Photo/Wikimedia Commons

By Robert Downen
Houston Chronicle

HOUSTON — Houston City Councilman Dwight Boykins on Thursday proposed charging property owners a monthly garbage collection fee to finance raises for firefighters while avoiding job cuts for other city staff.

Under the proposal, most Houston homeowners would be charged a flat, monthly fee between $25 and $40 to help the city absorb the cost of raises for firefighters mandated by the pay parity charter amendment approved by voters last month.

Unveiled at a Thursday press conference, Boykins’ proposal comes amid a legal challenge by the city over the constitutionality of Proposition B, the charter amendment granting firefighters equal pay to police officers of corresponding rank and experience. The amendment was approved last month by 59 percent of voters.

“I believe the issue of pay parity was settled at the ballot box,” Boykins wrote in a Thursday letter to Mayor Sylvester Turner and his colleagues on council. “As elected leaders, our primary mission is to settle on an appropriate and responsible way forward. To this end, I am convinced that introducing a garbage collection fee is the most plausible plan to provide firefighters a pay raise while ensuring that no city worker loses their job.”

Turner’s office issued a statement in which the mayor said he was opposed to the idea: “Council Member Boykins and the Firefighters Association’s proposal to enact a $25 monthly garbage collection fee to pay for a firefighter’s 29% pay raise, underscores what I have been saying for months. The City cannot afford Proposition B. This measure will cost the city more than $100 million each fiscal year. I will not support forcing Houston homeowners to pay a costly new tax on trash collection to pay for firefighters’ salaries.”
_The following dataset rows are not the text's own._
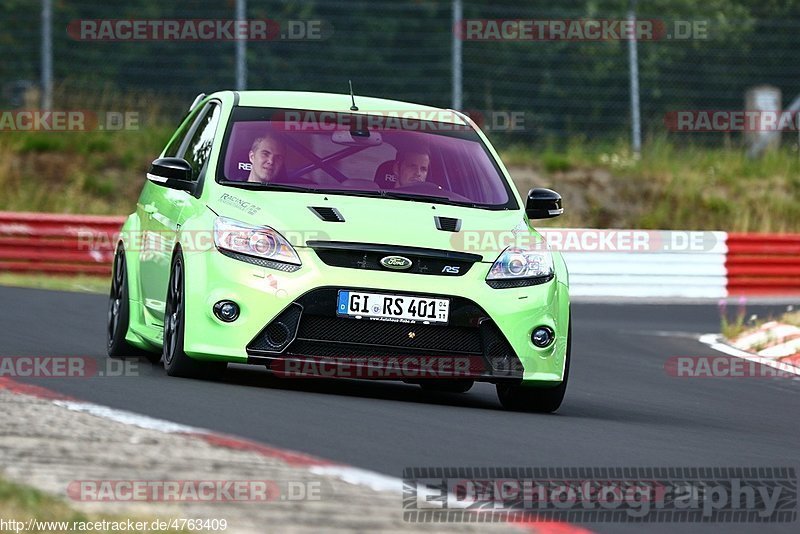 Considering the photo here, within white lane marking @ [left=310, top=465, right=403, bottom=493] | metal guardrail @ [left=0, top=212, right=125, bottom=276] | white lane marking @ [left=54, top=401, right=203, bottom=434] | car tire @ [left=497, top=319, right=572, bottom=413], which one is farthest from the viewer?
metal guardrail @ [left=0, top=212, right=125, bottom=276]

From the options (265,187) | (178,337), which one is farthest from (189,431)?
(265,187)

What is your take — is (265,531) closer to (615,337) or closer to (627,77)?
(615,337)

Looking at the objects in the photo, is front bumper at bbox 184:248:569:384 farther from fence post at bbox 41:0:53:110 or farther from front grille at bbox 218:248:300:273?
fence post at bbox 41:0:53:110

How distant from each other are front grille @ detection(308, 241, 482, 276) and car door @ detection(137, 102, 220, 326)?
105cm

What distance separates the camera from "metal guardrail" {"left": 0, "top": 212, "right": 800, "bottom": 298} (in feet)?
63.1

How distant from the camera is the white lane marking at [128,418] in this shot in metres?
5.93

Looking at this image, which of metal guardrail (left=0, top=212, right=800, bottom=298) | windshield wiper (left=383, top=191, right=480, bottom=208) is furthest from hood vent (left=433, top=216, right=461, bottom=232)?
metal guardrail (left=0, top=212, right=800, bottom=298)

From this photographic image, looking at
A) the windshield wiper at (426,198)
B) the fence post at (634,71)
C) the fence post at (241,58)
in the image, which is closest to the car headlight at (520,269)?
the windshield wiper at (426,198)

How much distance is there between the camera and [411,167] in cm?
902

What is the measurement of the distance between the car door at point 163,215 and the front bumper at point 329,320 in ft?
2.39

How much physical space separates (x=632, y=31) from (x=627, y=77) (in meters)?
→ 0.86

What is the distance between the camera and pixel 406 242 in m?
8.02

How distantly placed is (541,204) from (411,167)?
0.75 meters

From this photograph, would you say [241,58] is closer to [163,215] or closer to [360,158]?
[163,215] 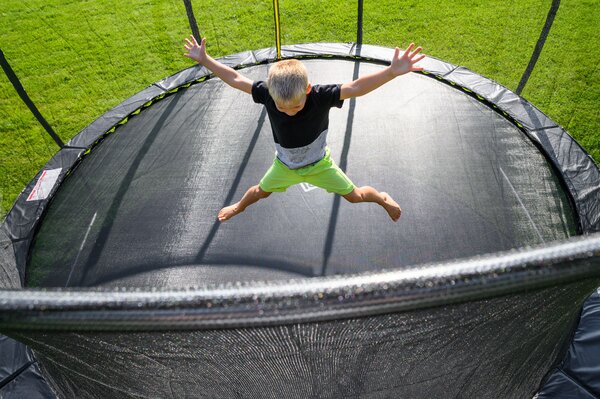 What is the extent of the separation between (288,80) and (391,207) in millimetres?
A: 926

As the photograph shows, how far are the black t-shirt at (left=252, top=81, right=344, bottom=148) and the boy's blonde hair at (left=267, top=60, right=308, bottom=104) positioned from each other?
0.16m

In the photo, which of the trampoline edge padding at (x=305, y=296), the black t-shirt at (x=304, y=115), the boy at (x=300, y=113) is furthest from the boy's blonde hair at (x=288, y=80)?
the trampoline edge padding at (x=305, y=296)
Even before Prop B was OK’d by voters, Turner had said approval could force the city to lay off hundreds of employees, including firefighters and police. The head of the Houston Professional Fire Fighters Association, the fire union that put the pay parity measure on the ballot, has called the threat of layoffs a scare tactic.

The union also has pressed the mayor since the charter amendment passed to return to contract negotiations to phase in the mandated raises for firefighters over time. Turner has rejected the idea, saying the city needed a judge to decide whether a collective bargaining agreement could supersede a voter-approved charter amendment.

In response to a lawsuit by the Houston Police Officers Union, which opposed the parity amendment, a state district judge earlier this month issued a temporary restraining order blocking implementation of the measure. A hearing is scheduled for Friday.

Boykins estimated the proposed fee could raise $107 million to $172 million annually. Disabled veterans would be exempted from the fee and senior citizens would pay a to-be-determined discounted rate, he said.

As envisioned by the District D councilman, proceeds from the fee would go into a “restricted special revenue fund” to support Houston’s Department of Solid Waste Management, which Boykins said could be used to maintain department vehicles and prevent “frequent breakdowns that often lead to service delays.”

He said trash collection could occur twice a week if city council adopted a $30 monthly fee; a $40 fee would allow heavy trash pickup twice a month.

Council member Michael Kubosh applauded the creativity of Boykins’ proposal, but said he had never seen proposed garbage fees that were “up that high.”

Houston is the only big Texas city without a garbage fee. Austin charges a monthly garbage fee of between $25 and $50, San Antonio charges roughly $20, Dallas charges $27 and Fort Worth charges between $12.50 and $23.

Kubosh said he could not yet support the proposal, but also expressed concern about what the potential wage hike for firefighters could mean for the city’s budget.

“We’re going to have to come up with a way to either trim our expenses or raise revenue,” Kubosh said.

It’s not the first time local officials have eyed — or killed — garbage fees: Turner shot down the idea in 2016, when it was suggested as a way to offset a new contract with trash haulers. Boykins floated the idea at an October council meeting, and previously has suggested a garbage fee as a way to raise money that would not count against a voter-imposed revenue cap.

Former Mayor Annise Parker also floated a garbage fee in 2014 to plug a budget deficit, an idea that was shot down by the city council.